Case Study 1 - Data Visualization and Descriptive Statistics
The data file Home_Values.xlsx contains median home values ( Home Value ), median household income ( HH Inc ), median per capita ( Per Cap Inc ) and percent of homes that are owner occupied ( Pct Owner Occ ) for each state and the District of Columbia. Prior to a more detailed analysis of the data, a company wants to get a good understanding of the 4 variables (e.g. central tendency, variability, shape of the distribution, pattern of relationship between the variables). A company representative contracts with you to help with this process. To help the company get a better understanding of the data, you are asked to perform the following analysis steps:
Using Data>Data Analysis>Descriptive Statistics in Excel, calculate the mean, median, range and standard deviation of each variable and summarize the results in table.
Using Excel, create a frequency histogram for each variable to determine the shape of the distributions. Be sure to give each chart a title and label the axes clearly.
Using Excel, create boxplots for each variable. Be sure to give each chart a title and label the axes clearly.
Using Excel, create scatterplots of each variable with each other variable (hint: you should have 6 scatterplots). Be sure to give each chart a title and label the axes clearly.
Using Data>Data Analysis>Correlation in Excel, calculate the correlation coefficient each variable with each other variable.
In Word, write a summary report of the findings that includes the tables and charts from steps 1-5 and includes the following:
An introductory paragraph summarizes the purpose of the analysis.
A section (1 or more paragraphs) describing what the tabular data from step 1 indicate about the central tendency, variability and distribution of each variable. For example, do the variables appear to be distributed in a symmetric or skewed pattern.

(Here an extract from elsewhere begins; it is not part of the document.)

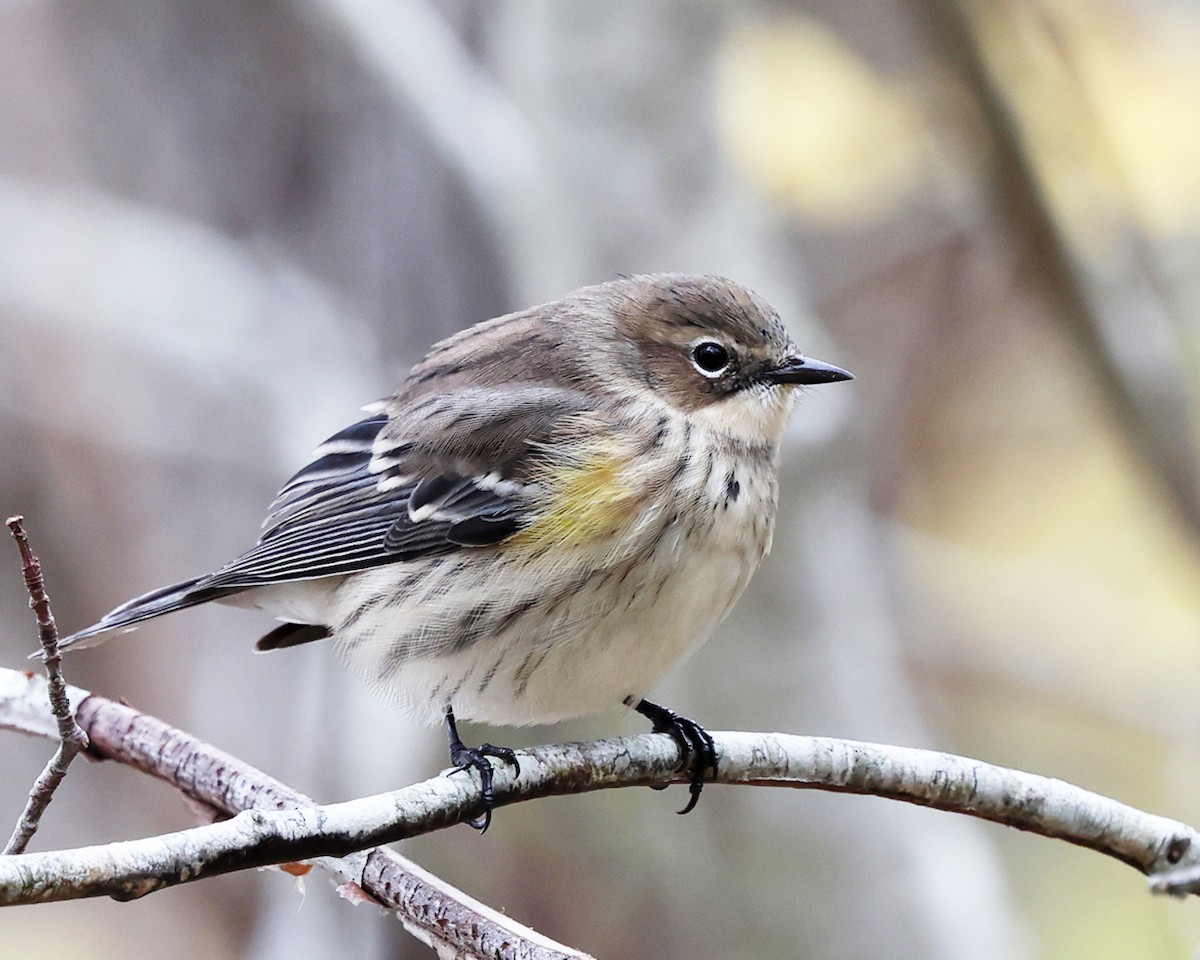 Yellow-rumped Warbler (Myrtle) - ML644358632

A section (1 or more paragraphs) describing how the frequency histograms from step 2 and the boxplots from step 3 support and clarify the findings of the tabular data. Include in this section any evidence suggesting outliers in the data.
A section (1 or more paragraphs) describing what the scatterplots from step 4 and correlations from step 5 indicate about the relationship between the various pairs of variables (e.g., are the variables related?, does the relationship appear to be linear or nonlinear?, is the direction of the relationship positive or negative?).
A concluding paragraph summarizing the key findings of the analysis and making recommendations for the variable among HH Inc , Per Cap Inc and Pct Owner Occ that is most strongly correlated with Home Value .
Note: Submit a single Excel workbook showing all work for steps 1-5 and a Word document of your summary report that addresses all parts step 6. Make sure to clearly label your tables and charts.